Widening the Knowledge Acquisition Bottleneck for Intelligent Tutoring Systems
Thesis DisciplineComputer Science
Degree GrantorUniversity of Canterbury
Degree NameDoctor of Philosophy
Empirical studies have shown that Intelligent Tutoring Systems (ITS) are effective tools for education. However, developing an ITS is a labour-intensive and time-consuming process. A major share of the development effort is devoted to acquiring the domain knowledge that accounts for the intelligence of the system. The goal of this research is to reduce the knowledge acquisition bottleneck and enable domain experts to build the domain model required for an ITS. In pursuit of this goal an authoring system capable of producing a domain model with the assistance of a domain expert was developed. Unlike previous authoring systems, this system (named CAS) has the ability to acquire knowledge for non-procedural as well as procedural tasks. CAS was developed to generate the knowledge required for constraint-based tutoring systems, reducing the effort as well as the amount of expertise in knowledge engineering and programming required. Constraint-based modelling is a student modelling technique that assists in somewhat easing the knowledge acquisition bottleneck due to the abstract representation. CAS expects the domain expert to provide an ontology of the domain, example problems and their solutions. It uses machine learning techniques to reason with the information provided by the domain expert for generating a domain model.

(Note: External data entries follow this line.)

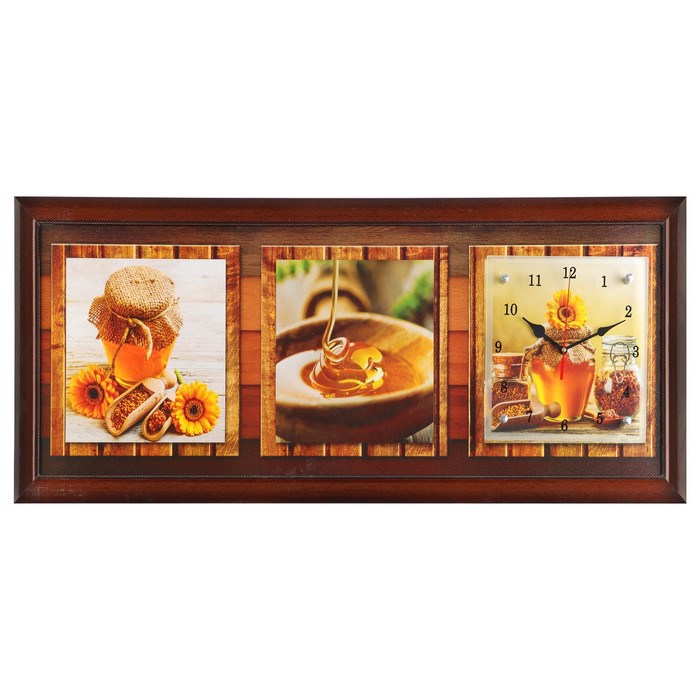 Часы-картина настенные "Медовая фантазия", 35х100 см микс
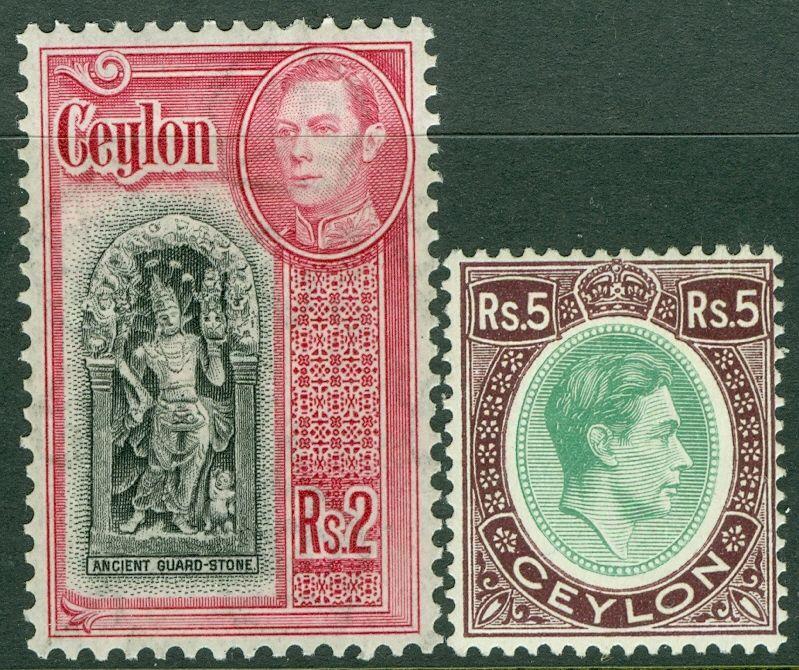 CEYLON : 1938-43. Stanley Gibbons #395, 397 Very Fine, Mint OGH. Catalog £71.00.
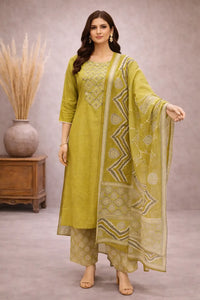 Olive Green Cotton Printed Casual Salwar Suit with Dupatta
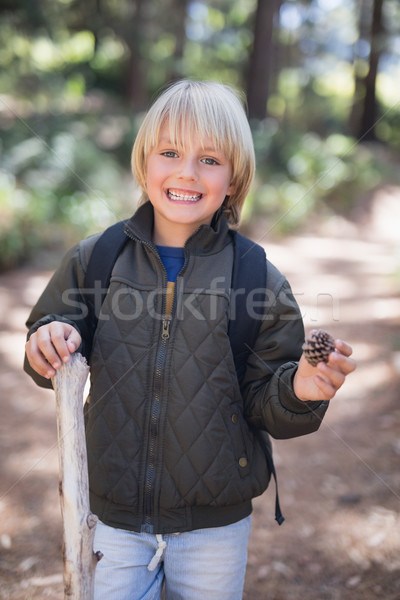 улыбаясь мало мальчика соснового конус Сток-фото © wavebreak_media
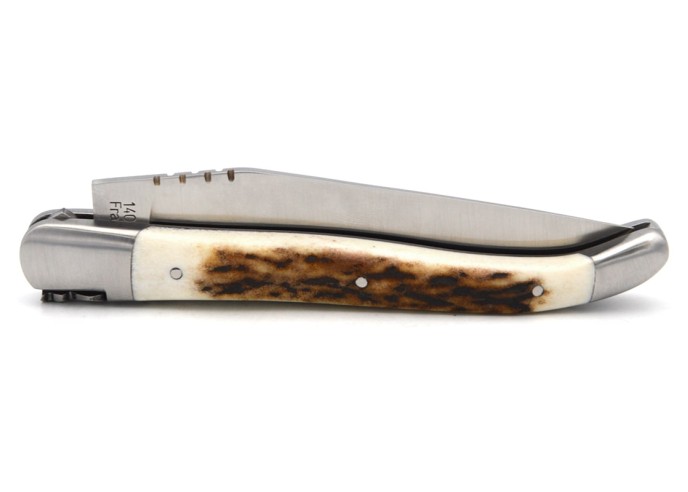 Couteau de Laguiole labellisé IG en bois de cerf, manche de 12 cm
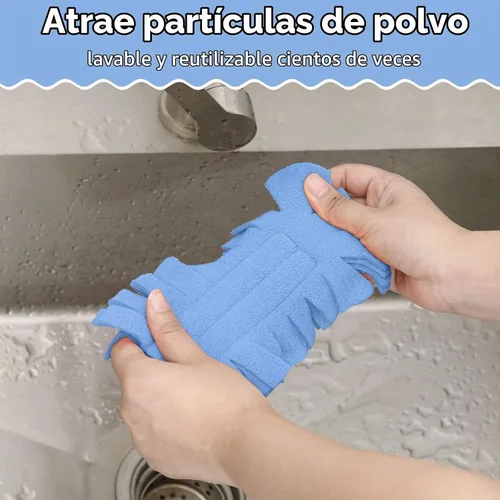 Vista 6 de Zubebe 12 piezas de repuesto de plumero de forro polar reutilizables, plumeros planos de plumas, almohadillas de limpieza lavables para múltiples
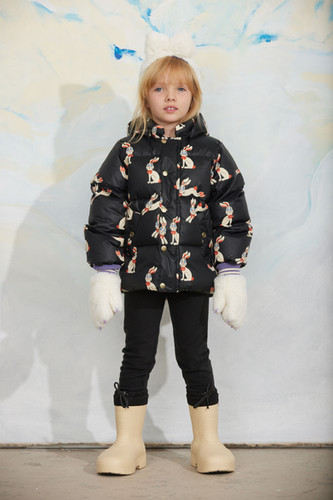 Mini Rodini Rabbits Hooded Puffer (Black) | Jean + Hadley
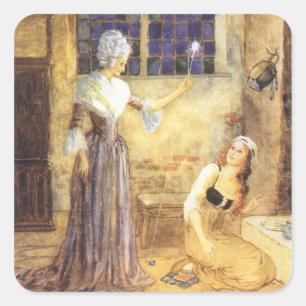 Sticker Carré Cendrillon de conte de fées vintage avec la fée ma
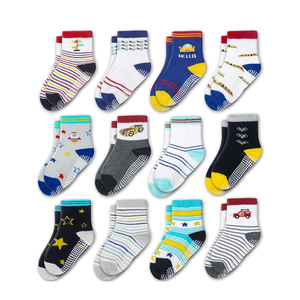Evercute Toddler Girls Grip Socks 12 Pack Boys Non Slip Socks for Kids Anti Skid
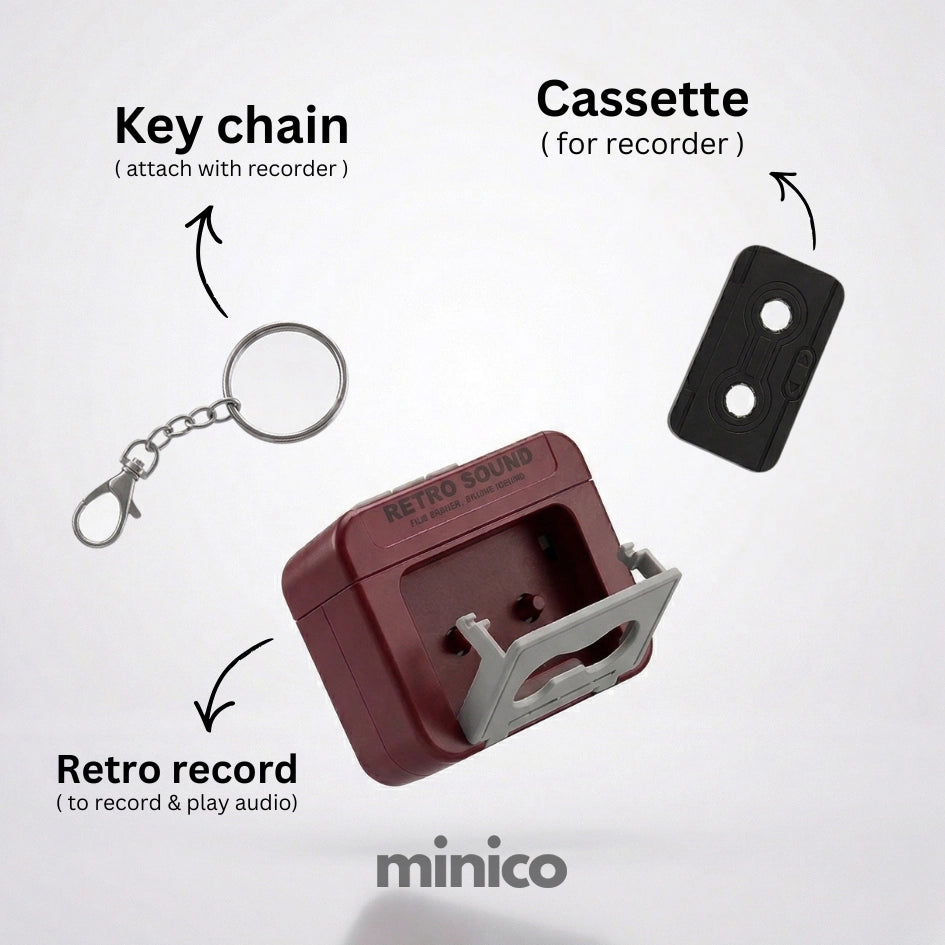 Mini Keychain Audio Recorder | Retro Design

A series of evaluation studies of this research produced promising results. The initial evaluation revealed that the task of composing an ontology of the domain assisted with the manual composition of a domain model. The second study showed that CAS was effective in generating constraints for the three vastly different domains of database modelling, data normalisation and fraction addition. The final study demonstrated that CAS was also effective in generating constraints when assisted by novice ITS authors, producing constraint sets that were over 90% complete.